Problem to work on ▸
Copy word for word, and only, the lines below from the one with "Breastfeeding Support Legendairy" through the last.

Source data ▸

- Opening Delimiter -

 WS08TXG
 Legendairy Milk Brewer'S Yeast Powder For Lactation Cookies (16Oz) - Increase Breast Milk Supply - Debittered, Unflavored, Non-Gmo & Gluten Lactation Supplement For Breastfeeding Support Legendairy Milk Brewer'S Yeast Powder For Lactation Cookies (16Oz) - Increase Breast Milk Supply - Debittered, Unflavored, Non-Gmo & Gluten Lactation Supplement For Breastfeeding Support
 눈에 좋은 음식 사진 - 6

- Closing Delimiter -

Solution to this exercise ▸
 Legendairy Milk Brewer'S Yeast Powder For Lactation Cookies (16Oz) - Increase Breast Milk Supply - Debittered, Unflavored, Non-Gmo & Gluten Lactation Supplement For Breastfeeding Support Legendairy Milk Brewer'S Yeast Powder For Lactation Cookies (16Oz) - Increase Breast Milk Supply - Debittered, Unflavored, Non-Gmo & Gluten Lactation Supplement For Breastfeeding Support
 눈에 좋은 음식 사진 - 6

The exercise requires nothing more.